Who knew it would be longer? 5th day arrived and it got stretched to another 2 days. So felt like a 7 nights 8 days package; Aah longer than the 6 day fun filled trek trip that I had with my husband few days back had an add-on, and that too of a week.

The pain was stabilized, yet unpredictable. It’s been almost 9 days I am back and I am on soft diet only. Looking back at myself as a foodie, a workaholic, selectively social, yet extra fun loving. Gradually, I am asked to reduce on all of it. I reduced an unhealthy amount of weight. Stress or no stress, I have no choice of being distressed.

Idiopathic in medical nature, chronic calcific pancreatitis would come back hitting me so sharp was not even in my dreams.

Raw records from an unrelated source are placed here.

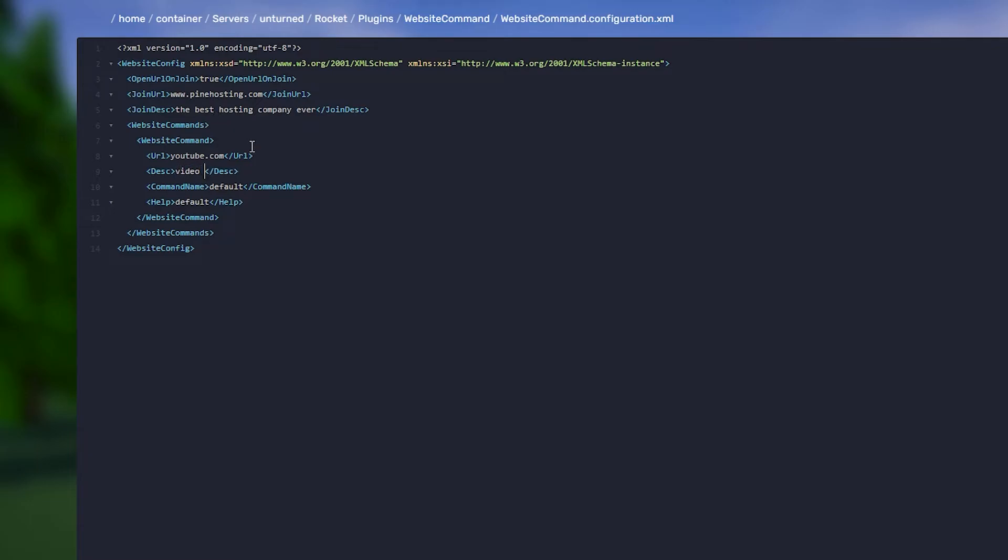Then we have Description, which is the same as above - that's just the text that goes there, so we can go 'video platform' for example. Command Name - this is the actual command. This is also the same as the permission that you need to give the user. So you could call this one 'youtube.' Now if someone does /youtube it's going to open the pop-up. Help can be ignored, I think it just shows stuff in the logs, so I generally call it the same as the command name, so we'll call that 'youtube.'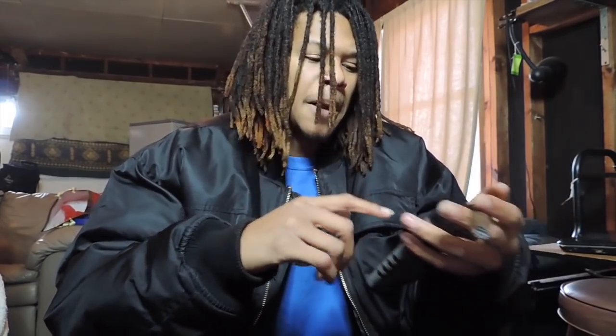Alright, so number one, like I said, you're going to need a laptop. It can be Mac or it can be Windows. I've done it from the start on Mac and then I started to learn how to do it on Windows and I use Premiere.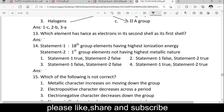Next question: which element has twice as many electrons in its second shell as in its first shell? The first shell generally has 2 electrons. The second shell would then have 4 electrons. 2 plus 4 electrons gives 6 electrons total — that element is carbon.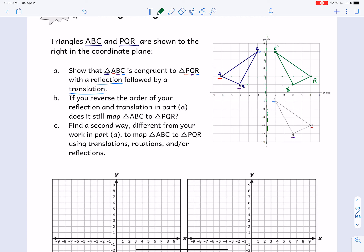The last part is to translate — just move each of these points straight down, and they all have to go the same number of spaces. Looking at A prime, it goes 1, 2, 3, 4, 5, 6 spaces down — this would be A double prime, because it's a second transformation. A should match up with P. Then B goes down 1, 2, 3, 4, 5, 6 — B double prime. C goes down 1, 2, 3, 4, 5, 6. They match up perfectly. C and R go together, and B and Q go together.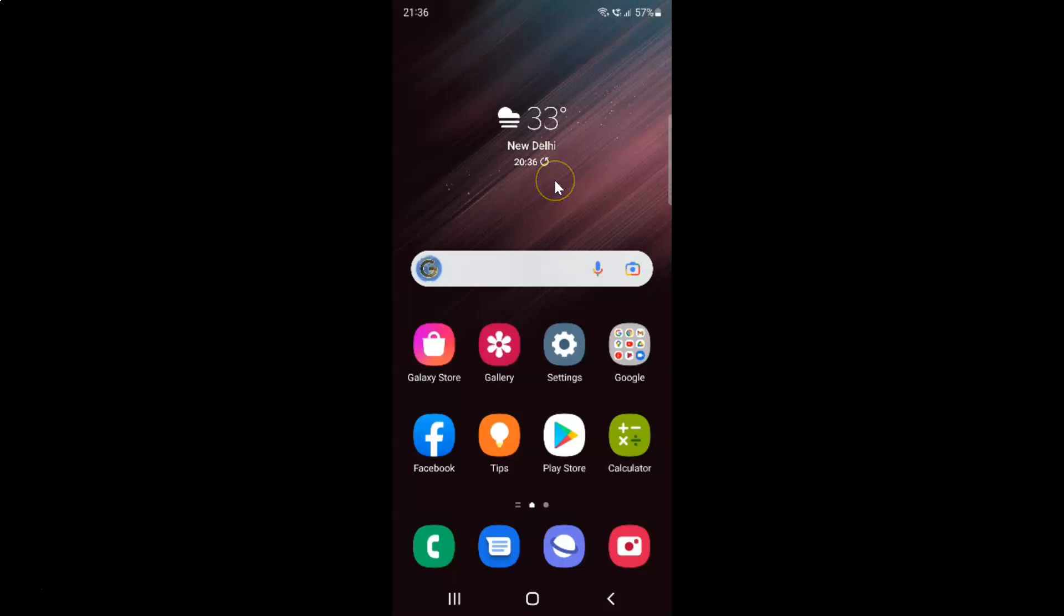First of all you have to open your settings app. So here is my settings app. Let me tap on it to open it.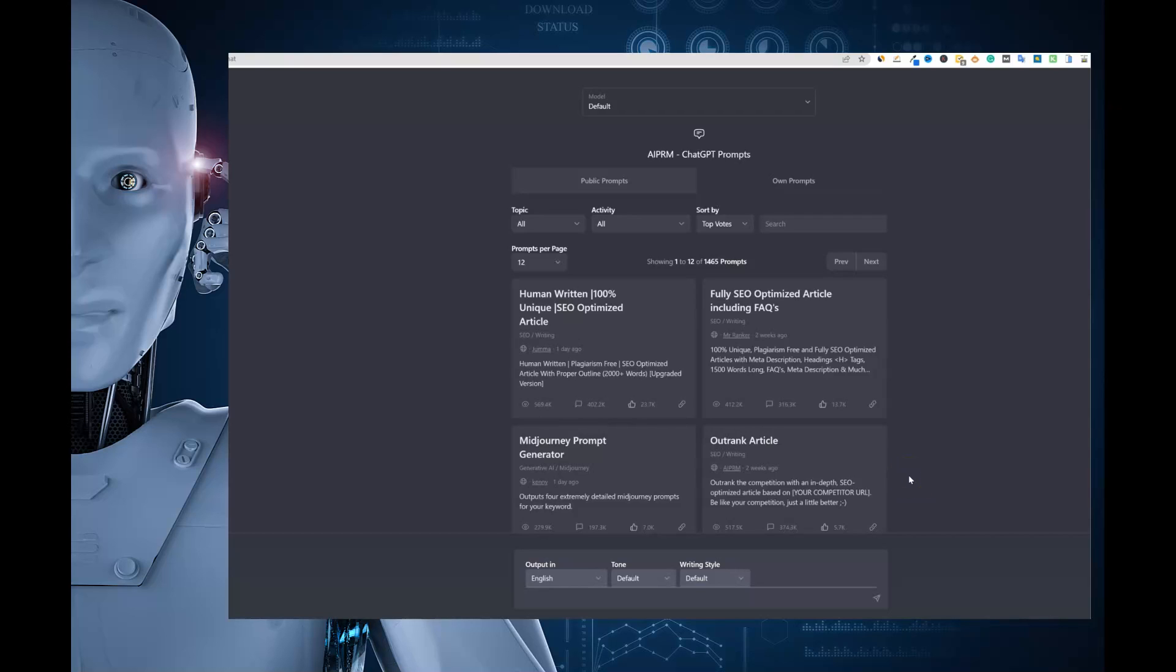Welcome to AI content creation. Today we're going to be looking at some ChatGPT blogging prompts and how you can create some really good blog posts with a little effort.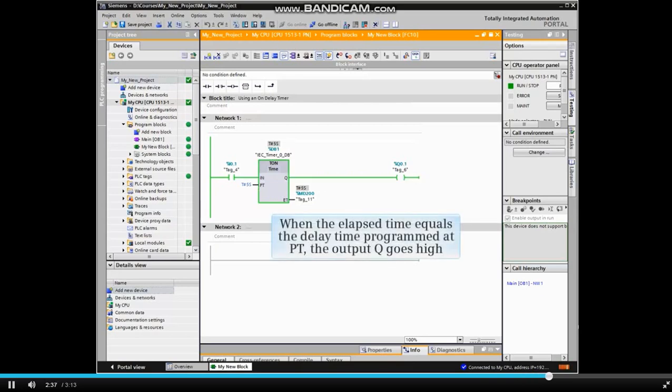When the elapsed time equals the delay time programmed at PT, the output Q goes high.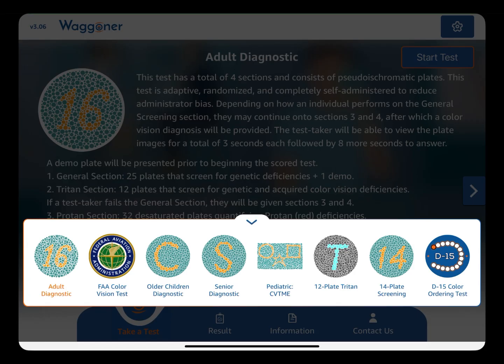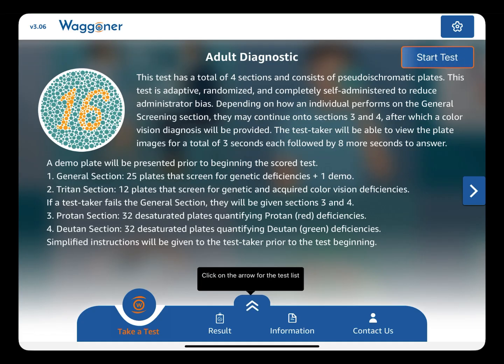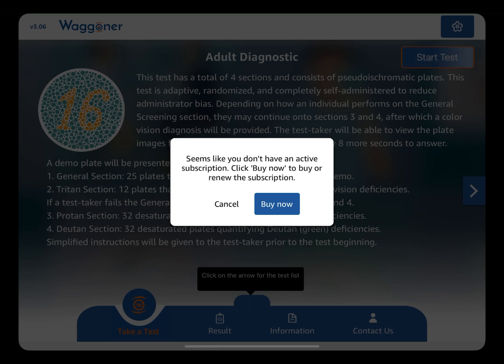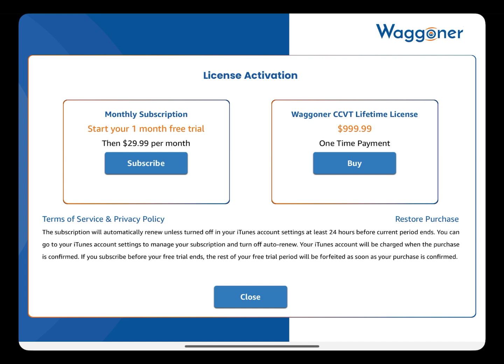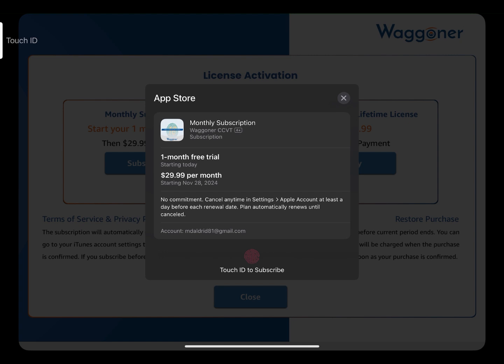You are now in the app. There is just one more step to activating your license. Click Start Test in the upper right, then click Buy Now. Select your preferred plan and complete your purchase.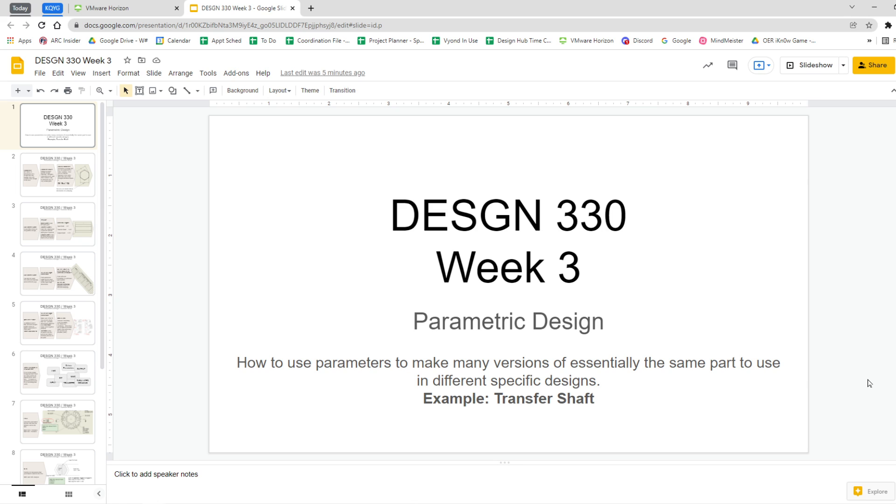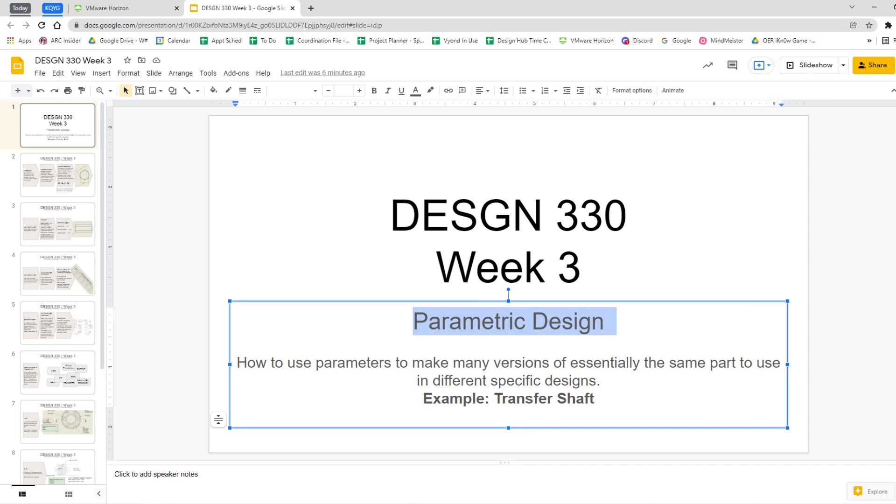It's a little hexagonal shaft, but you're going to find out that it's very complex when we start talking about the workflow to use it in all these different ways. That's what this week is about—parametric design—but the object we're using is the transfer shaft.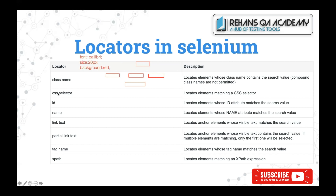CSS selector is going to help you identify elements based upon their CSS styling properties. We'll discuss more about CSS selector in detail shortly.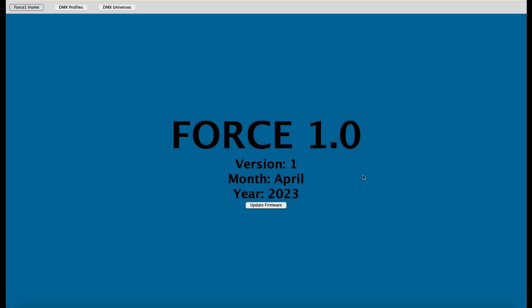Hey everyone, this is Greg from AI Light Show, and in this video I'm going to show you how to create a DMX universe profile from scratch, utilizing the fixture profiles already saved off within your own database in the Force 1.0 app.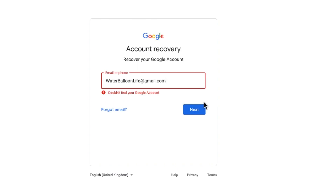If the account does not exist, it will display an error message that says 'Couldn't find your Google account.' This means that no Google account or Gmail email address exists in that format. Make sure you double check the email address you entered to ensure it's been typed correctly.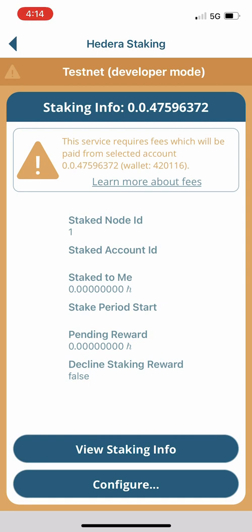We see here that staked account ID is blank, staked to me is zero, staked period start, pending reward. Currently the Hedera council has not voted on the staking rewards, and the staking account that pays out the rewards has not actually been officially funded yet.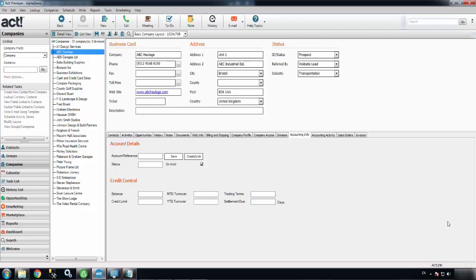Hello and welcome to our demo of our add-on for ACT, Alphalink. I'm currently in the first of the four tabs that you get with Alphalink, which is the Accounting Info tab. The first feature I'll show you is how to create a new Sales Ledger account in Sage50 from within ACT.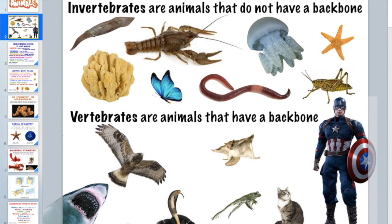Some invertebrates have a protective covering that isn't a backbone — they may have an exoskeleton, like your arthropods, crustaceans, or insects. Then you have vertebrates, which have a backbone. That includes fish, amphibians, reptiles, birds, and mammals.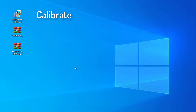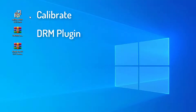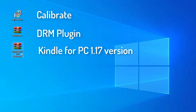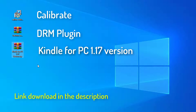So to convert the files, you need 3 softwares. We need Calibre, we need a DRM plugin, and we need Kindle for PC version 1.17. These are the 3 softwares you require to convert your Kindle books to PDF.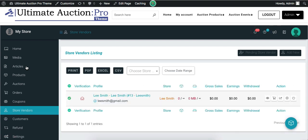Now let's check the Store Vendors section. It displays all the users who are registered on the admin site as a vendor. It also displays other information like store name, gross sales, earnings, and withdrawals.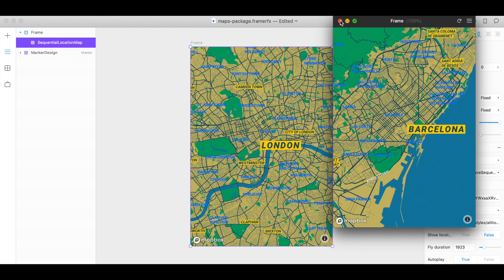So there you go. And now you know how to use the Mapbox Sequential Location Map component for FramerX. Thanks for using Mapbox and keep building.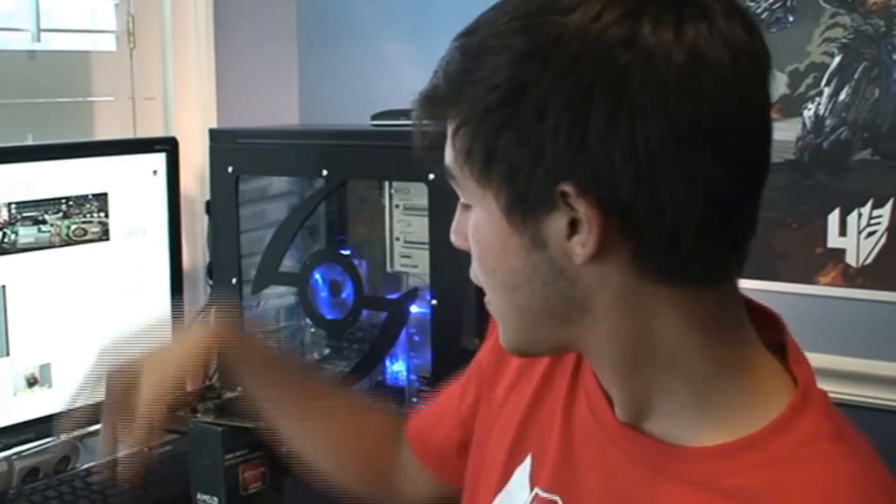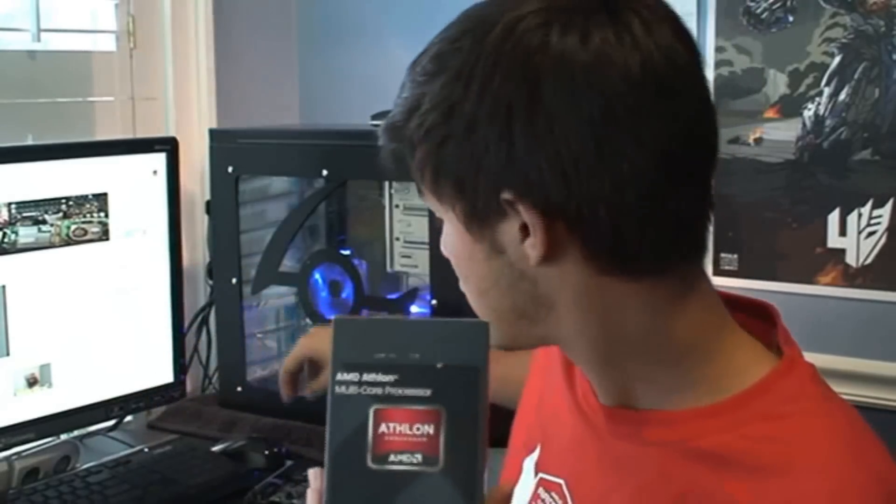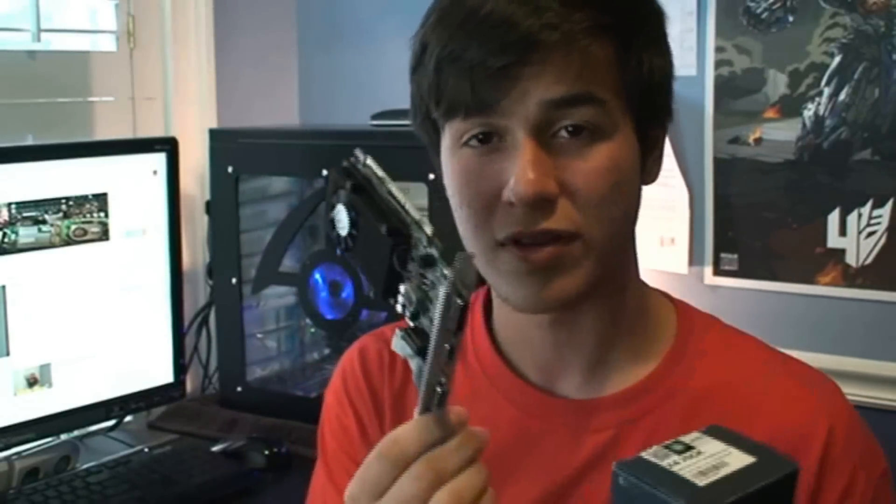Now talking about price per performance, the A10 7850K is priced right now at $160 on Newegg.com. The A10 6700 is priced at around $130 on Newegg, and the AMD Athlon 760K is priced at around $77, with the NVIDIA GT610 priced at around $50 — so basically $77 plus $50.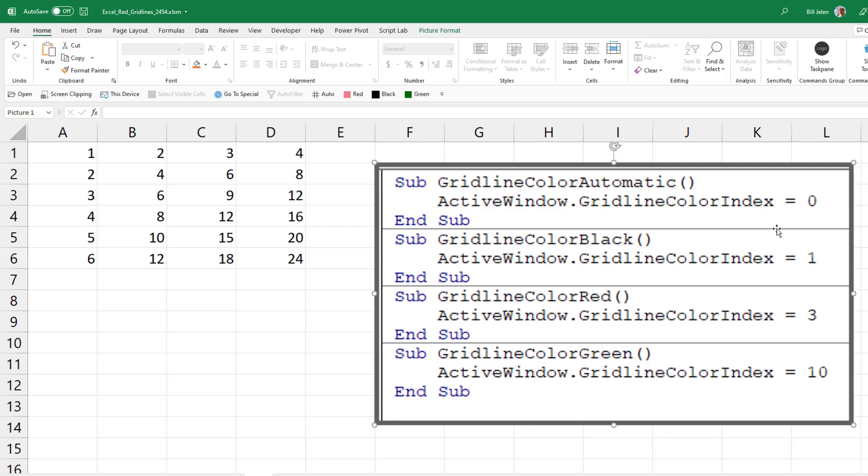There is VBA code. This sets it back to automatic. This is black. This is red. This is green. Any of the numbers from 1 to 56 should work.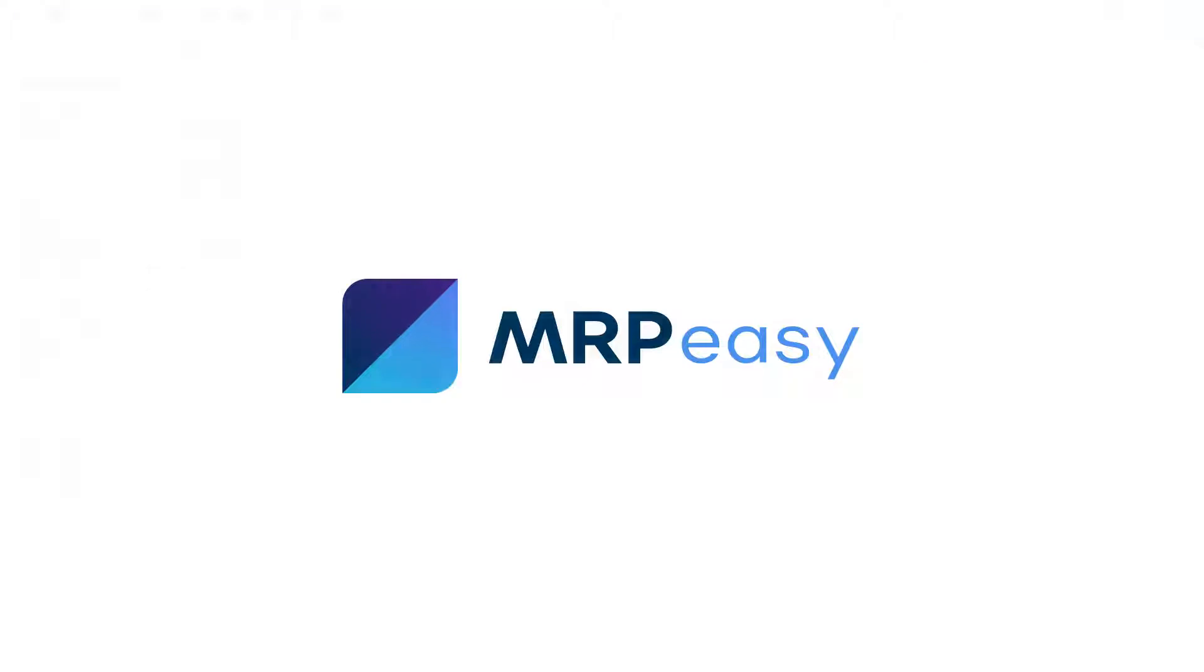In this video, we demonstrated how to handle the returns process with MRP Easy. To learn more about MRP Easy, please see our other videos. Thank you for watching.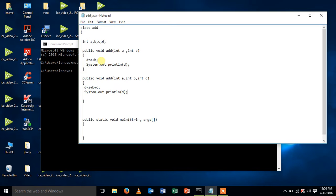This is method overloading. The number of arguments will differ but the method name will remain the same.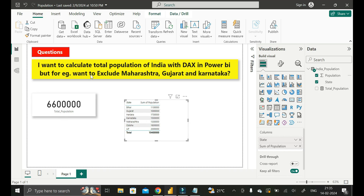So in this way, we calculate the total population of India using DAX functions in Power BI by excluding the populations of Maharashtra, Gujarat, and Karnataka. Thanks for watching. Take care. Bye-bye.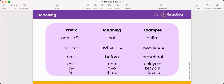Then we have the prefix 'uni', which means one. In the word unicycle, we have the prefix 'uni'. Cycle means wheel and uni means one, so unicycle means one wheel. Next is the prefix 'bi' — it means two — so bicycle means two wheels. The prefix 'tri' means three, so tricycle means three wheels. A unicycle has one wheel, a bicycle has two wheels, and a tricycle has three wheels. Great job decoding the meaning of each of these words by using your knowledge about their prefixes.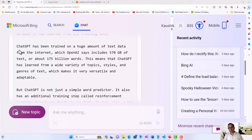ChatGPT is trained on gigabytes of text data. OpenAI and Microsoft say it has used about 570 gigabytes of text data from the internet and various sources — trained on websites, internet contents, PDF books, other publications, and many other sources of knowledge — totaling about 175 billion words.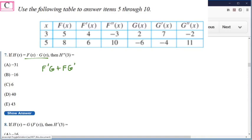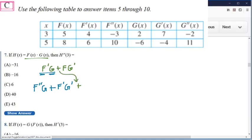Now we must take the derivative again because it's H double prime. So let's do this first term. First we take the derivative of the first function, and that's going to be F double prime, then multiply it times the second. Plus, we take the derivative of the second function, so that's F prime times G prime. And then we have a plus for the last part. We take the derivative: the first function is F, so the derivative of F is F prime times G prime, plus the first function times the derivative of the second function, which would be G double prime.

It was repressed. Backlog of emotional turmoil manifested in physiology.

I have been brave enough as a child to take on the insulin, live independently, study abroad, now on insulin pump; also being in the helping profession that I am in, compassion fatigue does occur & I do take right and effective measures to practice that self-care.

But my own experience as a counselling psychologist tells me that ‘unfinished businesses in the mind are the biggest source of holistic distress.’ -Sargun Bedi

I will recover, I am optimistic I will. But I have to take it slow. Many lessons that we go through every day but engulf only when it is too late, then reminding ourselves that its never too large to start with. Well, I want to share those lessons that my breath while syncing in with my thoughts taught me, whilst I was passing each minute on that hospital bed really ensures the value of ‘Health is Wealth’ as the common & most famous saying.

  • It is good to work, but ‘busy is the new stupid’ (picked this from Dr. Pramod Tripathy, whose programme I’ve just enrolled in).
  • Your electricity meter can trip down, but can easily with your hands be pulled up. However, if your health meter trips down once, only discipline can help you recover. Invisible Traces will still be left and certain aspects may trigger them if you keep going back to the uncomfortable pattern dressed as the comfortable lifestyle – whether be your work, rest or social interactions.
  • Thanking someone or being thankful is only the visible layer. Gratitude is a deep-end practice that melts in your blood and work as a cleanser/purifier to feeling good, healthy and happy.
  • No number of praises, applauses and compliments will be enough if you don’t appreciate your well-being in terms of an integrated life-style.
  • Let one aspect of life not become bigger than any other. You need to embrace your life holistically – professionally, personally, socially, emotionally, morally, spiritually & all the other ‘ally’s’ & make them your real-time ally.
  • One biggest lesson I learnt over the years with my own journey of transformation, from teenage turmoil to becoming a counselling psychologist helping others, that stands out in this moment of recovery period is that ‘If you don’t respect your body enough, eventually your body won’t respect you.’ Therefore, don’t wait for a time to come when you will help your body become active, healthy and wise, let that time be now. Your body signals all those repressed emotions as indicators, trying to tell you that you need your own help, your own first consultation, your time.
  • Take light, probably what others say, but not what your body tells you. It can be serious; it can be fatal.
  • Last but not the least, you need You before anyone else does.
  • Tomorrow winds in a reel unpeeled. Today is the Real & an uncovered truth.  
  • ACT NOW because health is the real wealth.